I want you to think about something: what if the Gospel was only “Christ died and raised from the dead, just like Scripture said he would”? That is – what if what Jesus did was only prove that He was God? That’s actually pretty cool, if you ask me – but even if that’s all Jesus did, he’d deserve to be worshipped, right? If someone could prove they were actually God, they would deserve worship because God, by definition, deserves worship. But even in that case, there is an effect which cannot be denied without in fact denying the cause.

How much more is this true, then, if Jesus’ death doesn’t just prove His Godhood? What if He proves He is both Lord and Christ? What if what He has done is actually glorifying to Him because its effect is actually greater than the act of Creation? Doesn’t that mean that we have an obligation to call that part of the Good News as well?
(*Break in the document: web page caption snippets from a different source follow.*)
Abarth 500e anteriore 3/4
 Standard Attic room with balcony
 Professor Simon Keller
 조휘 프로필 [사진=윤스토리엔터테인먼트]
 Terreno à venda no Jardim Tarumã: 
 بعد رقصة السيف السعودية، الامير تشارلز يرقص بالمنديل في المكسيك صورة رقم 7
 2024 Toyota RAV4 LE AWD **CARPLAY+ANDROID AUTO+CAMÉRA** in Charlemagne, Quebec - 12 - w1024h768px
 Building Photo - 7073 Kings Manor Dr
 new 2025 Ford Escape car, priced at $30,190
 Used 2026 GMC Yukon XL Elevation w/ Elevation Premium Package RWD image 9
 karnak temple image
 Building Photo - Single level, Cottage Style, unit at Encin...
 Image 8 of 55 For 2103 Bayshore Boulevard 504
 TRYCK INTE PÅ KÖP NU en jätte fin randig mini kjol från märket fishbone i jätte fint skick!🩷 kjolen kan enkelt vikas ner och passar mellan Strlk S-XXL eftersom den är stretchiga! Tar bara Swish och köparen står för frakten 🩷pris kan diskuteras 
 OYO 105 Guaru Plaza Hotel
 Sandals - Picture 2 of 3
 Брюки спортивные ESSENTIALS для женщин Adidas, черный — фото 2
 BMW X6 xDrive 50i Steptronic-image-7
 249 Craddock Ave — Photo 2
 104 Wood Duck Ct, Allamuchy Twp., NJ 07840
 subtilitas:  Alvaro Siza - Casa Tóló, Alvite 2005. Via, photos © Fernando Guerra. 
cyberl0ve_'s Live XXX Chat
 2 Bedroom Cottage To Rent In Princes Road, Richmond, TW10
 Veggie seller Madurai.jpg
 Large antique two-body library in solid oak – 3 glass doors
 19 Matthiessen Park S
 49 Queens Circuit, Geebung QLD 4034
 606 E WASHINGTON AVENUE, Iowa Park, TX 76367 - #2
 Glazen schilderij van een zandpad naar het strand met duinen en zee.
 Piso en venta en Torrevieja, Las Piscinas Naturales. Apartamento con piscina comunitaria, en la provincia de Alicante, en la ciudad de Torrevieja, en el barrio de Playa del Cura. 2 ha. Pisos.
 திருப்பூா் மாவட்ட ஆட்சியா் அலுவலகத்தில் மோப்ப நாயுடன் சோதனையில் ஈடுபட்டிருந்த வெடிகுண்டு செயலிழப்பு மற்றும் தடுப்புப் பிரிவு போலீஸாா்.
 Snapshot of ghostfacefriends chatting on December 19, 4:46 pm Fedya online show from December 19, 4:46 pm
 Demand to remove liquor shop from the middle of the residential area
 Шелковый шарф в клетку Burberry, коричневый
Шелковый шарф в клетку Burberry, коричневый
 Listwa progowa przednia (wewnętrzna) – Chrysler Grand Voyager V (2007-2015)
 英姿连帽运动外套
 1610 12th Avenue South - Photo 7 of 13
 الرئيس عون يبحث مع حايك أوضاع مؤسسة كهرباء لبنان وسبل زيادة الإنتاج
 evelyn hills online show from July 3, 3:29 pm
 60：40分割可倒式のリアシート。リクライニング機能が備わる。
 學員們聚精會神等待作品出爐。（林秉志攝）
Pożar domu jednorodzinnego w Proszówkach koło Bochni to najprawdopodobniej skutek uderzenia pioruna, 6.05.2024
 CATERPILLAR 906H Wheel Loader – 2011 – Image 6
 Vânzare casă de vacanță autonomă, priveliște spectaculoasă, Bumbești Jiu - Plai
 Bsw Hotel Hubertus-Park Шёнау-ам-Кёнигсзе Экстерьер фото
Think of it this way, my systematic friends: even the “Solo Christo” commandos believe that someone is not really a Christian if he doesn’t practice the sacraments. These fellows are plain in their view here: it’s a necessary consequence of the Gospel to celebrate the Lord’s table, and to baptize those who are rightly named in the church – those who refuse to do so are, frankly, not Christians. Irenic footnotes are made for those who are martyred before they can be baptized and who are never in fellowship because of extraordinary circumstances, but those who frankly refuse the sacraments are simply not Christian in their view – because these things are necessary consequences of the Gospel. How, then, can those things not actually be part of the good news? How are they any less part of the good news than the sound preaching of the Word of God?

And how are any of the admonitions in the NT to the various churches to live as if Christ’ death and resurrection were real any less a part of the Good News? You know: Paul’s point in making these things plain is summed up when he says plainly, “such ones as these you once were” [Eph 2; Col 1] – meaning you are now something better, and have a better purpose and objective.

It’s in this Gospel where all of Paul’s letters reside. It is this Gospel which Paul re-preaches to the Corinthians in order for them to stop acting like lost people. It is this Gospel which Paul preaches to the Galatians so that they don’t start seeking the approval of the Law but to exceed the requirements of the Law [cf. Galatians 5] by putting on the Spirit of Christ.

And here we are, just like those churches, with half the Gospel. We can identify the doer of the Gospel; we can identify what he does. And we forget for whom he did it and what then they (meaning: we) ought to be.

This relates to some of the goings-on around the internet lately, but this is already quite a gale force blow. Stew on it and I’ll be around another day to give you a more particular application of this point.